Aus dem Umfeld der Agentur wurde erklärt, es gehe der Regierung "um die Kontrolle der Medien". 

Denn nicht nur Telam leidet unter den Angriffen auf die Medien und die Informationsfreiheit durch die Regierung. Bei dem staatlichen Radiosender Radio Nacional wurden nach dem Regierungswechsel hunderte von Mitarbeiterverträgen gekündigt oder nicht verlängert. Auch hier ist die erklärte Absicht, diesen Sender und auch den staatlichen Fernsehsender Canal 7 zu privatisieren oder zu schließen.

In der Vergangenheit gab es bereits einige Versuche, die am 15. April 1945 gegründete Agentur Télam loszuwerden: Während der Diktatur von Pedro Aramburu (1955-1958) überlebte sie die Schließung im Jahr 1957, weil sie ein Jahr lang von zwölf Mitarbeitern ehrenamtlich fortgeführt wurde. Präsident Arturo Frondizi (1958-1962) privatisierte die Agentur 1959, von Diktator Juan Carlos Onganía (1966-1970) wurde sie wieder verstaatlicht. Zuletzt versuchte Hernan Lombardi, Mediensekretär unter Präsident Mauricio Macri (2015-2019), die Schließung zu erreichen, indem er die Agentur durch die Entlassung von 378 Mitarbeiter lahmlegte. Dieser Schritt wurde aber nach einem Jahr von der Justiz wieder aufgehoben.

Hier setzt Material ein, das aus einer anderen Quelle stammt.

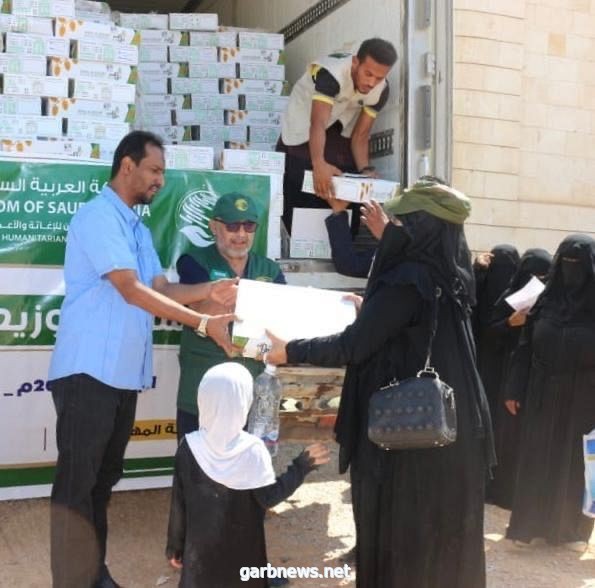 “سلمان للإغاثة” يدشن توزيع 25,000 كرتون من التمور في محافظة المهرة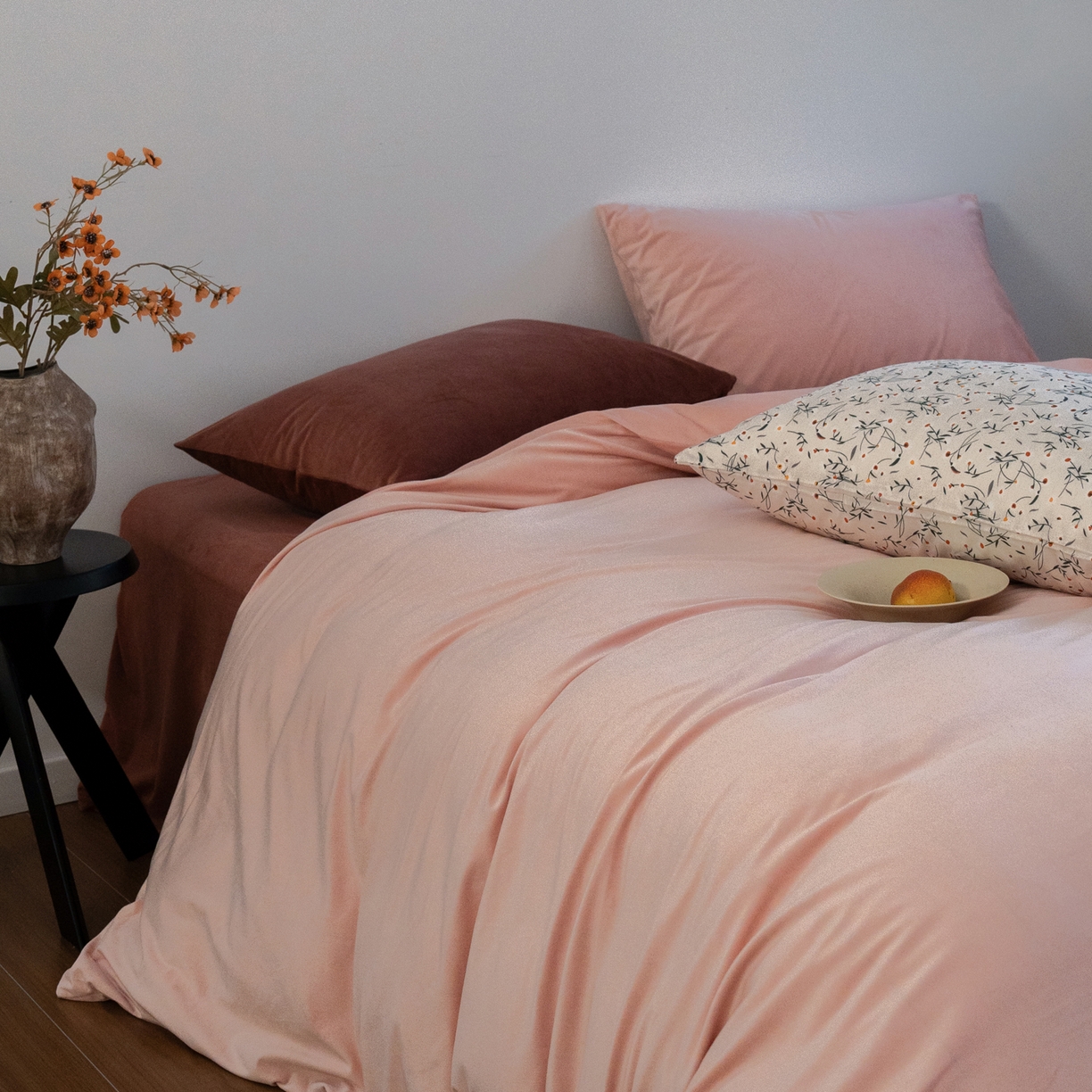 91家纺网 家纺一手货源 找家纺 例外 2025新款高克重天鹅绒四件套-时光里 时光里-玉粉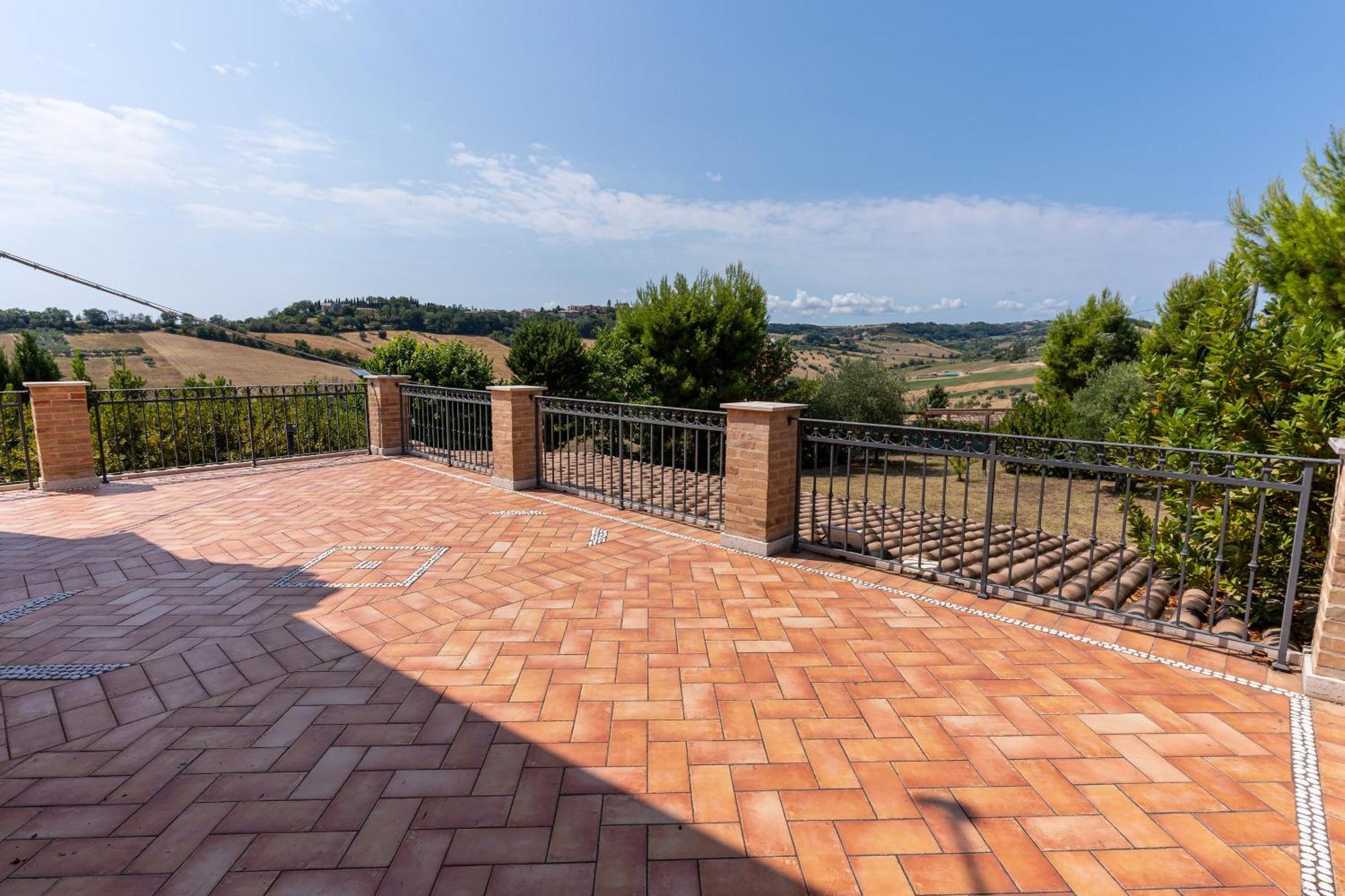 Villa Dolce Vita - Vista Colline, Jacuzzi, 3Suites & 5Min Dal Mare Lapedona Exterior photo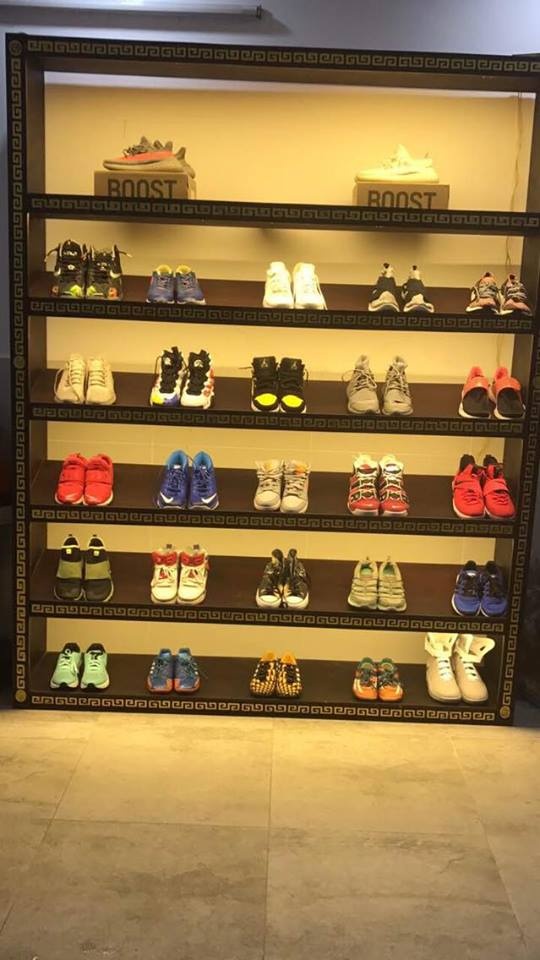 cau be 12 tuoi so huu bo suu tap giay khung anh 2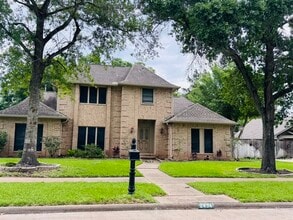 Building Photo - 2434 Hodges Bend Cir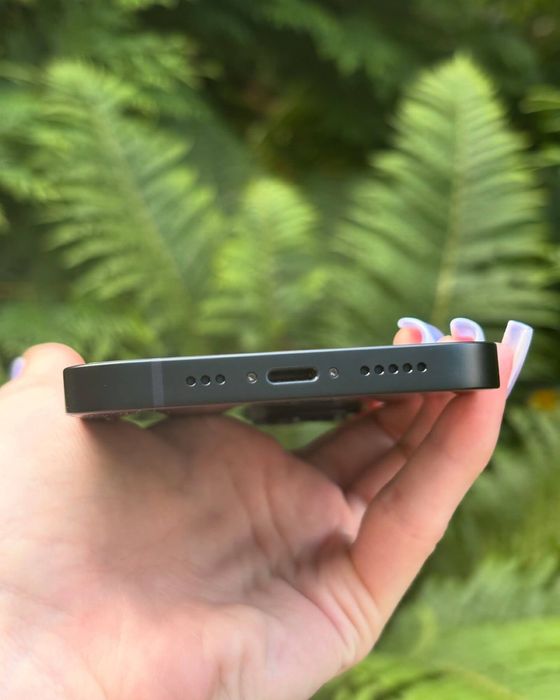 Продам  айфон 14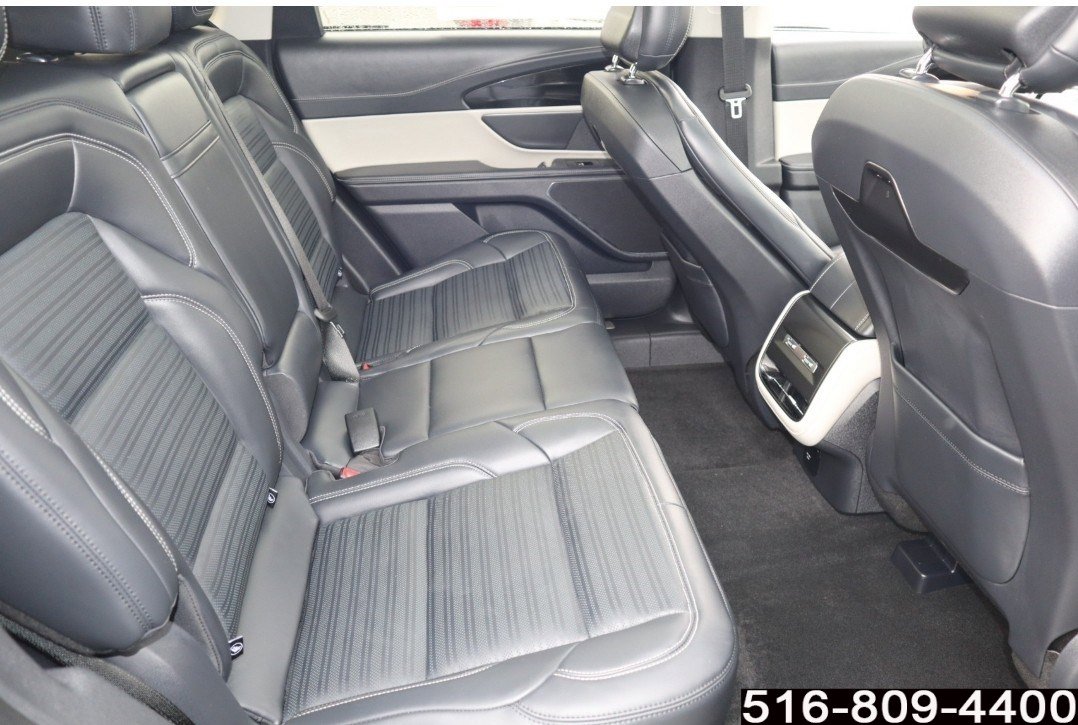 Used 2025 Lincoln Nautilus Reserve image 28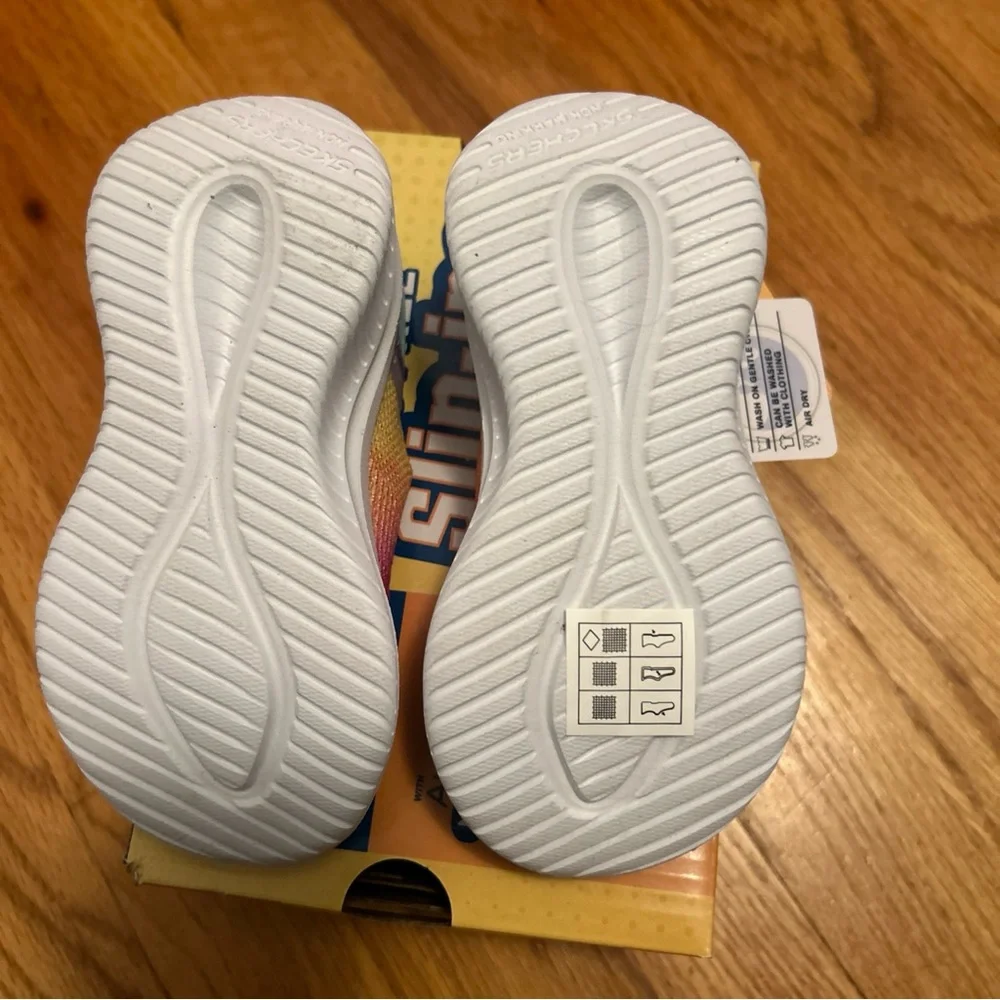 NEW Skechers Shoes Ultra Flex 3.0 Slip-Ins Hands Free Pastel Clouds SZ 5 Toddler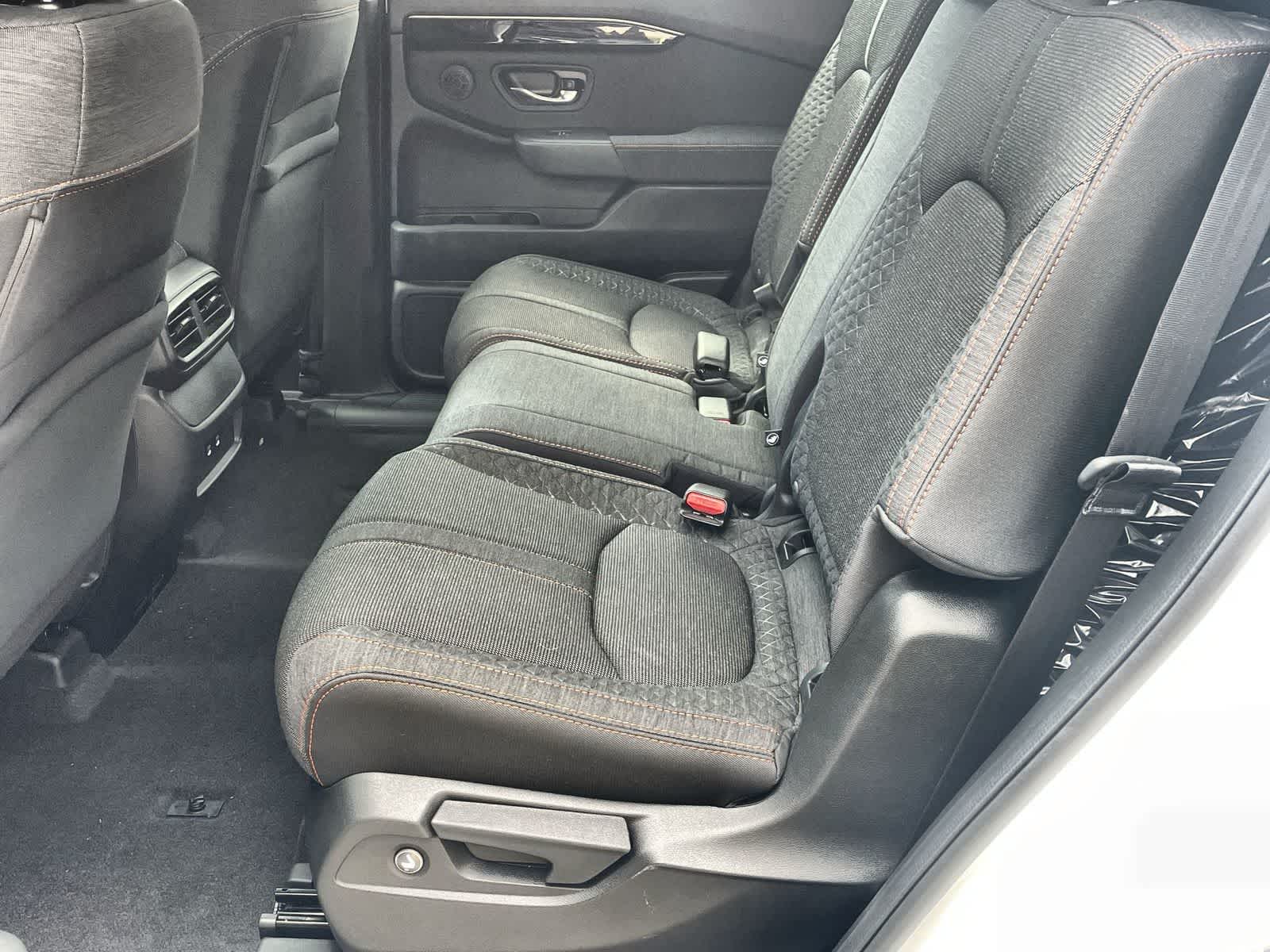 Thumbnail: 2026 Honda Pilot - 10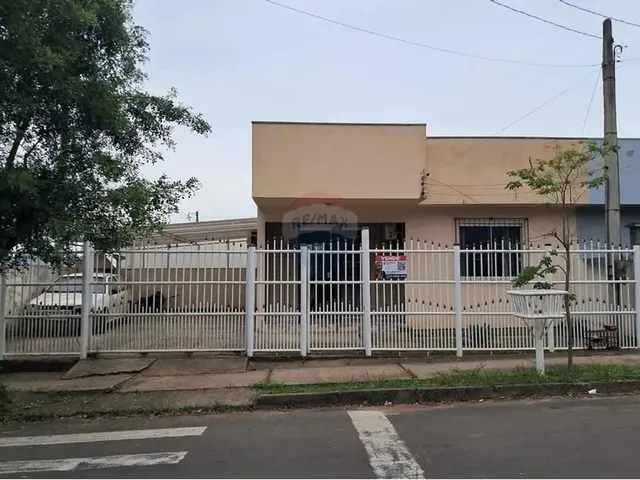 Imagem: Excelente Casa com Quintal e Churrasqueira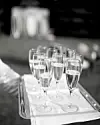 Uzavreli tulum prepun podnošljive lakoće postojanja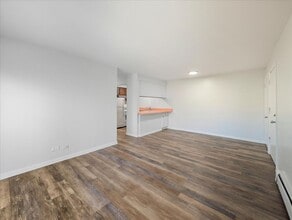 126 W Washington St in Round Lake, IL - Building Photo - Building Photo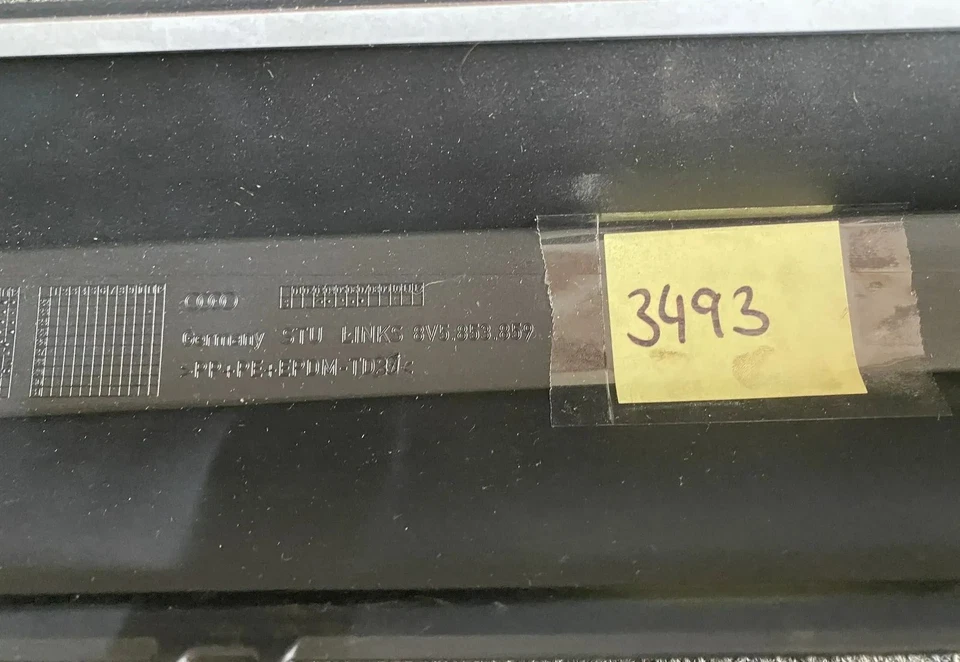 Original VW Schwellerleiste Audi vorne links A3 Limousine 8V 8V5853859 - Bild 4 von 4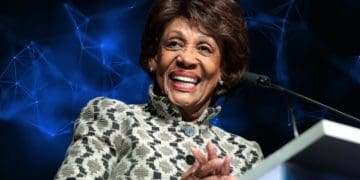 Maxine Waters Proposes In-Depth Congressional Groups for Crypto Oversight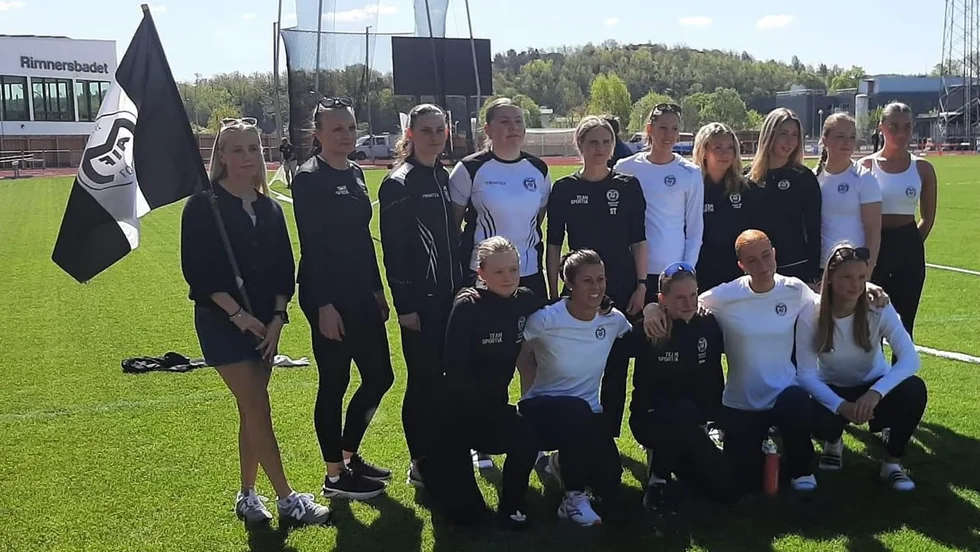 Motala AIF:s friidrottsdamer kom tvåa i division 1-tävlingen i Uddevalla och är klart för lag-SM.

Télam hat viele Jahrzehnte unter Regierungen jeder Couleur gearbeitet und dabei ein hohes Ansehen gewonnen. Wichtige Bilder der neueren argentinischen Geschichte wurden von Fotografen der Agentur aufgenommen, zum Beispiel zum Malwinenkrieg, den Demonstrationen zum Ende der Diktatur, den Müttern von Plaza de Mayo oder den sozialen Unruhen im Jahr 2001.